There is no question that a man who would abuse a woman is socially and psychologically twisted, but we should not allow this to in any way ameliorate the moral and public evil involved in these cases.

The state should work, at every level, to prosecute abusers of women and children in a way that will both deter others and make clear society’s repugnance at such abuse.

Moreover, we should recognize that many abused women stay in the shadows because they believe our court system will not adequately protect them from further violence. They fear that reporting such behavior will fuel even worse danger later.

Justice should be clear and decisive enough that women will be freed to come forward, with the full protection of the law.

This means that churches should recognize the responsibility of the state in curbing such injustice. When a woman is abused, the church should notify police authorities, immediately, even as it ministers to the abused woman and, when applicable, her children.

Simply getting her out of the home is not enough; the abuser must also stand accountable in a court of law.

We also should recognize the economic realities that often cause women to fear that they are trapped in an abusive situation. Whatever our differing ideas about the appropriate size and scope of the government safety net, we should call out, and repudiate, any rhetoric that denigrates the often-dizzying economic hardships especially of women in crisis.

And the call to justice in this arena ought to further encourage some of the unusual alliances we’ve seen in recent years.

Just Tuesday, I, a very conservative Southern evangelical, spent the afternoon with a very liberal feminist elected official from Northern California. We disagree on probably almost everything, but we agree on, for instance, protecting girls and women from forced prostitution, sex slavery and trafficking.

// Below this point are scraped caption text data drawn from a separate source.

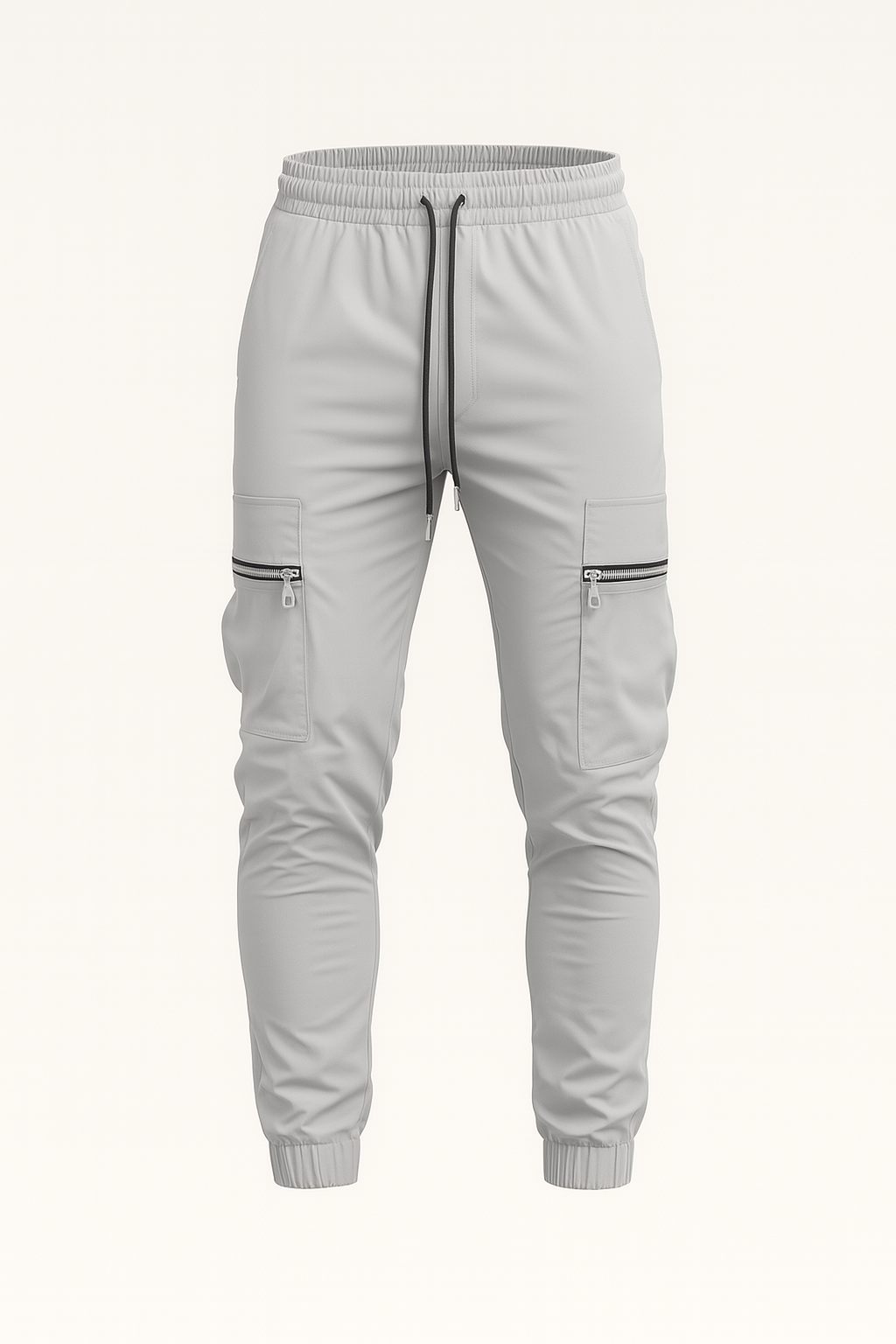 Luxe Cargo Pants - Light Grey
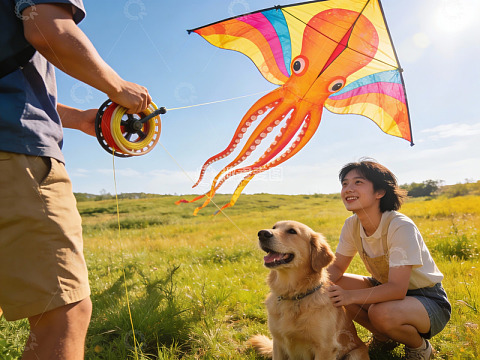 户外草地放风筝与宠物狗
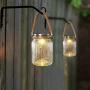 Bright Zeal 4-Pack 6& Mason Jar Solar Lights Outdoor Decorative Mason Jar Solar Lantern Lights- Hanging Mason Jar With Lights LED Yard Lights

On these issues of exploitation of vulnerable women, the evangelical right and the feminist left often find ourselves in the same place, even if we take different paths to get there. Let’s work together where we can to stop a rape and violence culture against women and girls.

The answer to this crisis is not entirely one of public justice, though. The church, and other religious institutions, must address the spiritual and moral realities behind this evil.

The time to start addressing domestic violence is not just reactively in a crisis but proactively, starting in our children’s programs. We should teach our boys to reject as unworthy of Christ the sort of “bro” culture that sees women as objects, whose value is assigned by their sexual attractiveness or availability to men.

We ought to frankly confront abusive men with what some contemporary Christians find squeamish and our secular neighbors find offensive: hell.

We are the people who believe that every idle word and every hateful act, no matter how covered up in this life, will be brought into the open at the Judgment Seat. We ought to warn men that their cowardly and predatory acts toward women do not escape the scrutiny of God.

We ought to, then, discipline those men who abuse, right up to the point of excommunication. We call on the state to do its duty, and we must likewise do ours simultaneously.

And we must preach and teach about what it means for a Christian man to avoid any pull toward predatory or abusive behavior. Too many evil men justify their actions on the basis of the biblical language of “headship.”

Headship in the Bible, though, is not coercive power, and it certainly is not abuse. Headship signifies that a man is to sacrifice himself, pouring himself out for the nourishing and flourishing of his wife and of his children (Ephesians 5:21-31). It’s not about privilege or power but about modeling the other-directed leadership of Christ.

We should then teach girls and women the truth: that a man who hits them has surrendered his headship and that it is the business of the state in enacting public justice and of the church in enacting church discipline.

This will mean giving opportunities for women who feel called to stand publicly and tell their stories, showing those hiding in their hurts, that there is a way out.

The world around us is often violent, misogynistic, hypersexualized. We ought to be a countercultural presence, embodying a kingdom that calls on us to cherish and protect the vulnerable, including women and girls in danger.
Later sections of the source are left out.